Good news Mary, you took good care of him.


----------



## Rob's GRs (Feb 25, 2007)

I am sure he will enjoy his new home and his new family.


----------



## Heidi36oh (Feb 27, 2007)

Congrats good job Mary


----------



## BeauShel (May 20, 2007)

Great news for Dunkin. sounds like he has a great new home with his furever family


----------



## kerribear's golden kids (May 17, 2007)

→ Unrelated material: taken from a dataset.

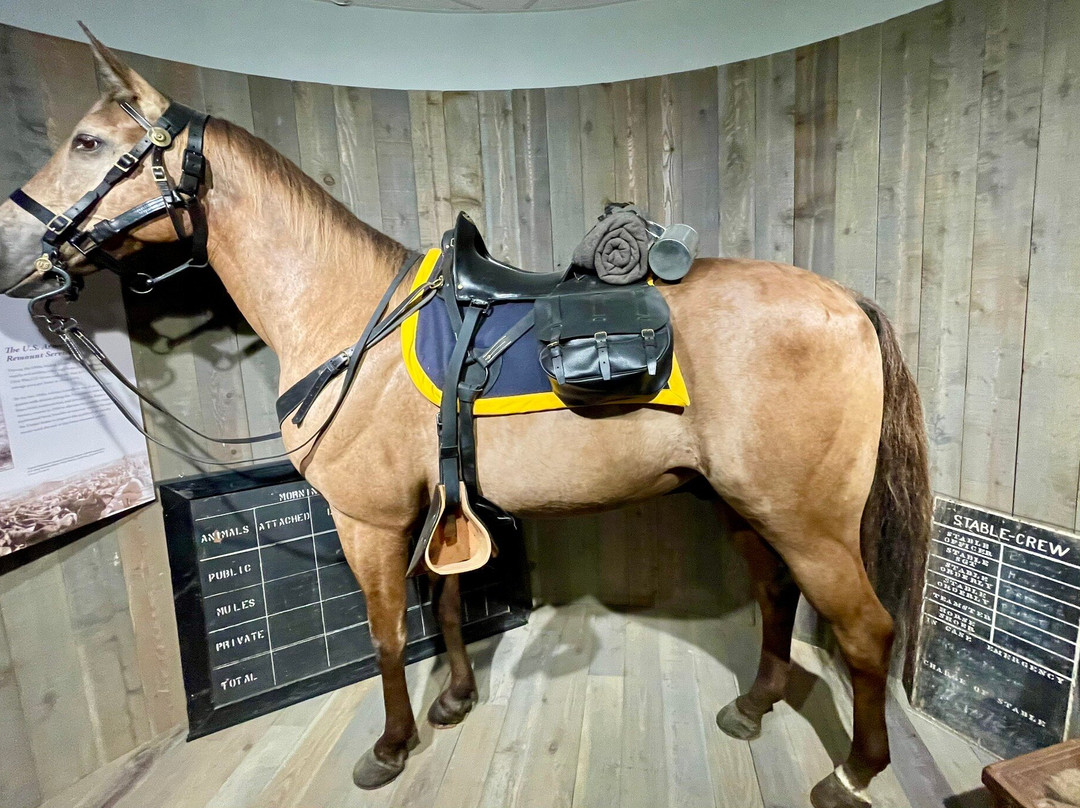 US Cavalry Museum-Fort Riley必去景点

Great job Mary. Did you tell them to join GRF so we can watch Dunkin grow up? That would be fun to see...Great job on all the fostering & rescuing you do!!! Keep up the great work...
Kerri


----------



## gold'nchocolate (May 31, 2005)

Another job well done! I'm glad that he had a great place to stay while waiting to go "home".


----------



## AquaClaraCanines (Mar 5, 2006)

Yay! Happy news


----------



## TheHooch (May 9, 2007)

Great job Mary. I know it is hard to see them go.

Hooch


----------



## Big Mamoo (Jul 4, 2007)

Way to go Dunkin!!


----------



## robinsegg26 (Nov 14, 2006)

Great news Mary!!


----------



## GoldRocksMom (Feb 9, 2007)

congratulations Dunkin!
Wishing you lots of love and fun in your new home
great job Mary


----------



## AndyFarmer (Jul 9, 2007)

Little Dunkin-do will be missed. He was such a happy little guy!! And he got plenty of 'training' with the crew!!


----------



## Maggies mom (Jan 6, 2006)

It was awful quite without Dunkin here.... But im sure he is playing his little heart out at his new home....


----------



## Old Gold Mum2001 (Feb 25, 2007)

YAY Dunkin!!! WTG Mary!!! Congrats to him and his new family!!!


----------